Другими словами, объединение связано с потеплением замкнутой дромосферы1, с предельным ускорением коммуникаций.
«Начинается время конечного мира», — провозгласил Поль Валери еще в 20-х годах. В 80-х годах наступил мир конечного времени. После преждевременного исчезновения всякой локализированной длительности (duree) ускорение истории сталкивается со временем прямого включения, универсальным мировым временем, вытесняющим локальные времена, производившие историю.
Если в XVIII веке мы открыли глубинное время многих миллионов лет, ушедших на отвердевание несущего нас небесного тела, то сейчас перед нами открывается поверхностное время дромологической реальности-эффекта взаимодействий на расстоянии.
После времени-материи твердой геофизической реальности мест наступает время-свет виртуальной реальности, вязкой и изменяющей саму сущность длительности, вызывающей, тем самым, искажение времени и ускорение всех реальностей: вещей, существ, социокультурных явлений…
Вспомним «виртуальные общества», организующиеся в Интернете.
В мире насчитывается уже семьдесят миллионов интернавтов, вездесущих сообществ адептов, «телеприсутствующих» друг перед другом с помощью мгновенных сообщений, а в скором будущем — с помощью камер on-line.
Что же остается от исторического значения публичного пространства полиса в эпоху метапо-лиса, в котором правит публичный имидж?
Интерактивная картинка, в любой момент доступная для использования в торговле, в образовании и на постиндустриальном предприятии, во всех концах нашей маленькой планеты?
В целом, глобализация оказывает и будет оказывать более сильное воздействие на историю, чем на географию. Ускорение реального времени, предельная скорость света, разрежает не только геофизическое пространство, естественный образ земного шара, но и принижает значение длительностей (longues durees) локального времени регионов, стран и наций, привязанных к своей территории.
Телетехнологии замещают «хронологическую» последовательность локального времени непосредственностью мирового всеобщего времени, делают интерактивными и засвечивают любую деятельность, факт и историческое событие.
Прошлое, настоящее и будущее, привычное разделение длительности, отступают перед новым типом теленастоящего, перед его пока еще непривычным рельефом. Это не событийный рельеф, а рельеф объектов, у которых вместо четвертого, временного измерения вдруг оказалось третье: материальный объем перестал указывать на «действительное присутствие», а вместо него возникло «телеприсутствие» звука и образа, с легкостью подменяющее реальные события.
В недалеком будущем установится новое видение, формируемое мощной мгновенной передачей аналоговых сигналов и цифровой информации, основанной на временном сжатии данных.
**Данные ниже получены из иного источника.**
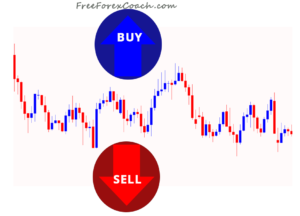 binary option work | Buy/sell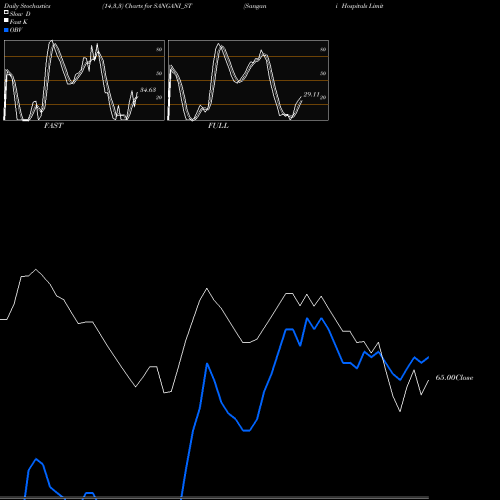 Stochastics Fast,Slow,Full charts Sangani Hospitals Limited SANGANI_ST share NSE Stock Exchange 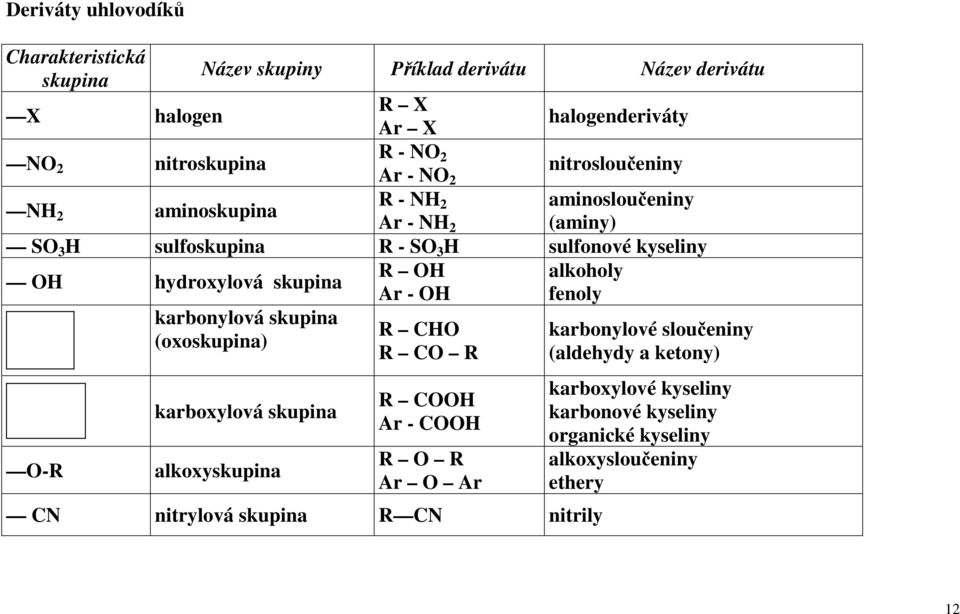 hydroxylová skupina Ar - OH fenoly O-R karbonylová skupina (oxoskupina) karboxylová skupina alkoxyskupina R CHO R CO R R COOH Ar - COOH R O R Ar O Ar CN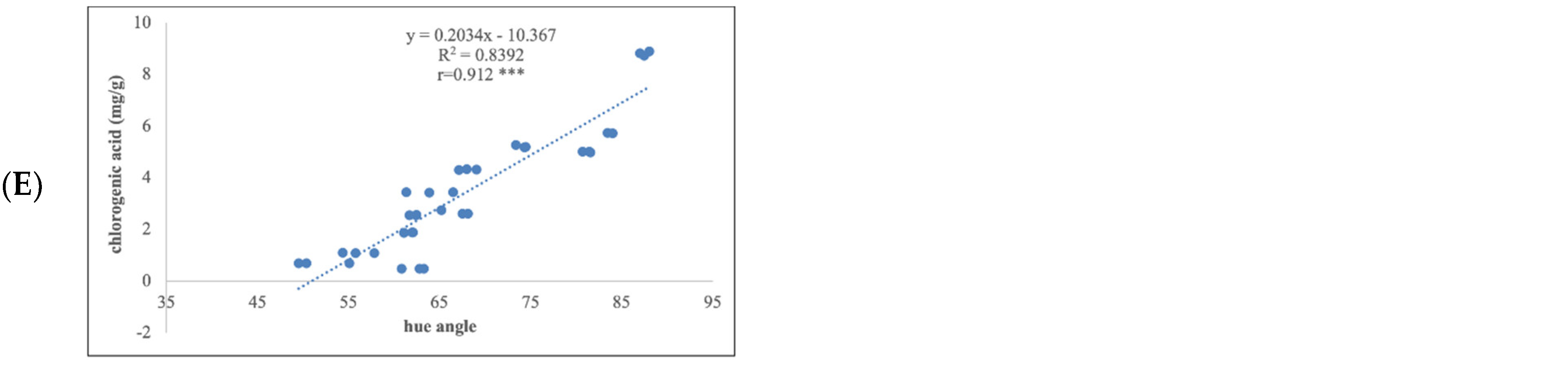 Processes 09 02040 g003b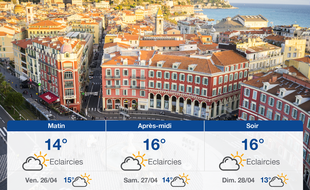 Météo Nice: Prévisions du jeudi 25 avril 2019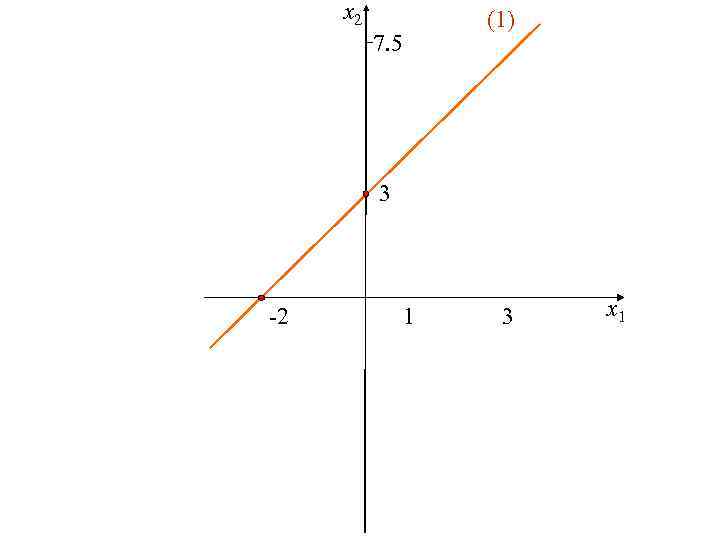 x 2 (1) 7. 5 3 -2 1 3 x 1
Таким образом, сейчас речь идет не столько о пространстве, сколько о времени. Не о времени долгих периодов стародавней истории, а о времени света и скорости, космологической постоянной, способной повлиять на Историю человечества.
Три физических измерения, когда-то определявшие восприятие действительного рельефа, сейчас дополняются третьим измерением самой материи; а за «массой» и «энергией» в сегодняшние хроники вторгается «информация», застилая наличие реальных вещей и мест образами теленаблюдения и контроля за окружающей средой.